Once we knew such things, but we have forgotten them and now we have to argue them back into our collective knowledge of how the world works
At points Crawford’s article verges on eggheadism (or maybe I just wasn’t in the mood to think through some of the harder thoughts), but his thinking on this matter is anchored in real experience:
Socially, being the proprietor of a bike shop in a small city gave me a feeling I never had before, or since. I felt I had a place in society. Whereas “think tank” is an answer that, at best, buys you a few seconds when someone asks what you do, while you try to figure out what it is that you in fact do, with “motorcycle mechanic” I got immediate recognition. I bartered services with machinists and metal fabricators, which has a very different feel than transactions with money, and further increased my sense of social embeddedness. There were three restaurants with cooks whose bikes I had restored, where unless I deceive myself I was treated as a sage benefactor. I felt pride before my wife when we would go out to dinner and be given preferential treatment, or simply a hearty greeting. There were group rides, and bike night every Tuesday at a certain bar. Sometimes one or two people would be wearing my shop’s T-shirt. It felt good.
What has me excited about the potential of Crawford’s books are anecdotes like the following one about Henry Ford doubling the wages of his workers. Most of the pro-consumption history I’ve read, when it mentions this, hails it as a great innovation because it put Ford’s workers in a position to afford one of his cars, which led to the sale of more cars, which led to Ford’s success as a company, a win-win-win situation. Crawford adds a few facts that throw a very different light on the situation:
Given their likely acquaintance with such a cognitively rich world of [wheelwright] work, it is hardly surprising that when Henry Ford introduced the assembly line in 1913, workers simply walked out. One of Ford’s biographers wrote, “So great was labor’s distaste for the new machine system that toward the close of 1913 every time the company wanted to add 100 men to its factory personnel, it was necessary to hire 963.”

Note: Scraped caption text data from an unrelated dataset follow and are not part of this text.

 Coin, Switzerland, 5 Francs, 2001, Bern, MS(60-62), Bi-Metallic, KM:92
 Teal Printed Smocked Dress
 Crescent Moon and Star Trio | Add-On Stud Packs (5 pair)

This would seem to be a crucial moment in the history of political economy. Evidently, the new system provoked natural revulsion. Yet, at some point, workers became habituated to it. How did this happen? One might be tempted to inquire in a typological mode: What sort of men were these first, the 100 out of 963 who stuck it out on the new assembly line? Perhaps it was the men who felt less revulsion because they had less pride in their own powers, and were therefore more tractable. Less republican, we might say. But if there was initially such a self-selection process, it quickly gave way to something less deliberate, more systemic.

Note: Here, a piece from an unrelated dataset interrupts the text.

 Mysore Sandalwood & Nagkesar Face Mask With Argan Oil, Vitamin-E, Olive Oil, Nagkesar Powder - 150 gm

In a temporary suspension of the Taylorist logic, Ford was forced to double the daily wage of his workers to keep the line staffed. As Braverman writes, this “opened up new possibilities for the intensification of labor within the plants, where workers were now anxious to keep their jobs.” These anxious workers were more productive. Indeed, Ford himself later recognized his wage increase as “one of the finest cost-cutting moves we ever made,” as he was able to double, and then triple, the rate at which cars were assembled by simply speeding up the conveyors. By doing so he destroyed his competitors, and thereby destroyed the possibility of an alternative way of working. (It also removed the wage pressure that comes from the existence of more enjoyable jobs.) At the Columbian World Expo held in Chicago in 1893, no fewer than seven large-scale carriage builders from Cincinnati alone presented their wares. Adopting Ford’s methods, the industry would soon be reduced to the Big Three. So workers eventually became habituated to the abstraction of the assembly line. Evidently, it inspires revulsion only if one is acquainted with more satisfying modes of work.